Task to carry out: Begin at the line that contains "Marc O'Polo - Fijngebreide" and repeat every line from there to the end of the records below, inclusive, without adding any other line.

Available data:
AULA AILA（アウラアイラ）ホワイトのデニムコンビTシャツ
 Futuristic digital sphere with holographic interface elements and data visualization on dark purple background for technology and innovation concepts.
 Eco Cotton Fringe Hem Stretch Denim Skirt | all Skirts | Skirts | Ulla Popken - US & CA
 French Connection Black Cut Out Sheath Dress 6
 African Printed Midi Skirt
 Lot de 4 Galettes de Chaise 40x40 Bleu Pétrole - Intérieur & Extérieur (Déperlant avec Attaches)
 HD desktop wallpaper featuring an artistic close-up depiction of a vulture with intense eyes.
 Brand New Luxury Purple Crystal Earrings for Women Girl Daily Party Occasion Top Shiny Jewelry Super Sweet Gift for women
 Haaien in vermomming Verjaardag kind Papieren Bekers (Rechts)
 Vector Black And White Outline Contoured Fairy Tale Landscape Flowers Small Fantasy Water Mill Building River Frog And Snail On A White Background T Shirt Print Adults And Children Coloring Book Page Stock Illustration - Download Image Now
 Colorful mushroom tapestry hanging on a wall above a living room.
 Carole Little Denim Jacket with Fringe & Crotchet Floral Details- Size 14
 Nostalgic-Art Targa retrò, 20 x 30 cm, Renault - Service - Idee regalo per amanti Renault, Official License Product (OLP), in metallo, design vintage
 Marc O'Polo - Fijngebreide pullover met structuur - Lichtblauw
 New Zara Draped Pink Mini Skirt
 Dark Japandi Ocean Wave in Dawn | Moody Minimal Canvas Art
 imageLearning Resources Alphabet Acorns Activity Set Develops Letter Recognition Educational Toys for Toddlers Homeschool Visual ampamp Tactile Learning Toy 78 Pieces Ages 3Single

Response:
 Marc O'Polo - Fijngebreide pullover met structuur - Lichtblauw
 New Zara Draped Pink Mini Skirt
 Dark Japandi Ocean Wave in Dawn | Moody Minimal Canvas Art
 imageLearning Resources Alphabet Acorns Activity Set Develops Letter Recognition Educational Toys for Toddlers Homeschool Visual ampamp Tactile Learning Toy 78 Pieces Ages 3Single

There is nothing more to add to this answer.